Bir şeyin yokluktan varlığa çıkması sonsuz kuvveti gerektirir. Zira, mutlak bir güce sahip olmayan, yokluktan varlığı çıkaramaz. Bu açıdan baktığımızda her mevcut var olmasıyla kendi varlığını mutlak bir kudrete dayandırmaktadır. Dahası, varlığının devam ediyor olması da o kudretin devamlılığının göstergesidir. Bu açıdan her bir mevcut kendi varlığını sonsuz mutlak birine dayandırmaktadır. Mutlak bir kuvvet ise kendisi varolmaya ve varlığını sürdürmeye muhtaç yaratık cinsinden olan bir varlığa atfedilemez. O halde bu kudret yaratık olmayan ve yaratıklara ait vasıflardan münezzeh biri olabilir ancak, o da Allah’tır. Böylece bütün mevcudat “bi-ismillah” vardır, mevcuttur. Varlığını, mutlak vasıflara sahip olan Allah’ın bir ismine dayandırır. Varlık hayır olduğu için bismillah da her hayrın başıdır. Yani, mutlak özelliklere sahip olan Yaratıcı’ya dayandırılan her şey hayırdır. Hayrın başında mutlaka Yaratıcının bir ismine dayanma vardır.
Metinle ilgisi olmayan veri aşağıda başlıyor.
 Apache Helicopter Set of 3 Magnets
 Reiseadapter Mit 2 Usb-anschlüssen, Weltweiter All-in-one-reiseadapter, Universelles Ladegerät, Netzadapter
Hayrın yokluğunu ifade eden şer ise vücuda dayanmadığı için ademîdir. Güzellik kavramının varlığı güzelliğin yokluğu manasına gelen çirkinliğin gerçekte mevcut olmadığının, ademî olduğunun delilidir. Güzellik varsa çirkinlik gerçekte yoktur, izafidir. Zira, güzellik vardır ve mutlak vasıflara sahip olan Yaratıcının br ismine dayanmaktadır. Yaratıcının o ismi de kendisi mutlak olduğu için mutlaktır. Mutlak güzellik sahibi olan ve güzelliği mutlak manada kendinde barındıran biri, güzelliğin mutlak yokluğu manasına gelen şerri murat edemez. Şer, kişinin güzelliği görememesinden dolayı indidir, subjektiftir (Yeri gelmişken vurgulamak gereken bir husus: acı/hastalık vardır elbette ve bir isme dayanır fakat kötü değildir. Aynı şekilde, varlığı algılamamıza yarayan nefis de vardır ve kötü değildir). Kişinin nazarına bakar ve vehmîdir, gerçek bir vücuda sahip değildir. Said Nursi, “Bismillah her hayrın başıdır” sözüyle bütün dinlerde çok ciddi tartışma konusu olan şer problemine bir çözüm getirmektedir. Mevcut olan her şey hayırdır. Şer, vücudî ve mevcut olana değil, ademî olana bakar. Hakikatte şer yoktur. Vücut varsa -ki her şey buna şahittir- yokluk yoktur, izafidir. Kişi hayrı kendi vehmiyle şerre kalbeder mesul olur. Aslolan ise vücuttur, hayırdır. O vücud ve hayır da bir isme dayanır, varlığını o isimle anlamlandırır. Bir şeyin varlığı mutlak bir zatın varlığının delili, mutlak bir zatın varlığı da her şeyin varolacağının delilidir. O halde, yokluk ve yokluğa dayalı olan şer hakikatte yoktur. Allah varlığının delili olan hiçbir şey, onun yokluğunu ima eden şer olamaz.
06/12/2005
Abdürreşid Şahin
9 Ağustos 2010 Pazartesi
4 Ağustos 2010 Çarşamba
GÜLÜ BESTELEYEN BÜLBÜL
GÜLÜ BESTELEYEN BÜLBÜL
Abdurreşid Şahin
O VARMIŞ, yok yokmuş.
Ezel zaman dışında ebed kalbin içindeymiş.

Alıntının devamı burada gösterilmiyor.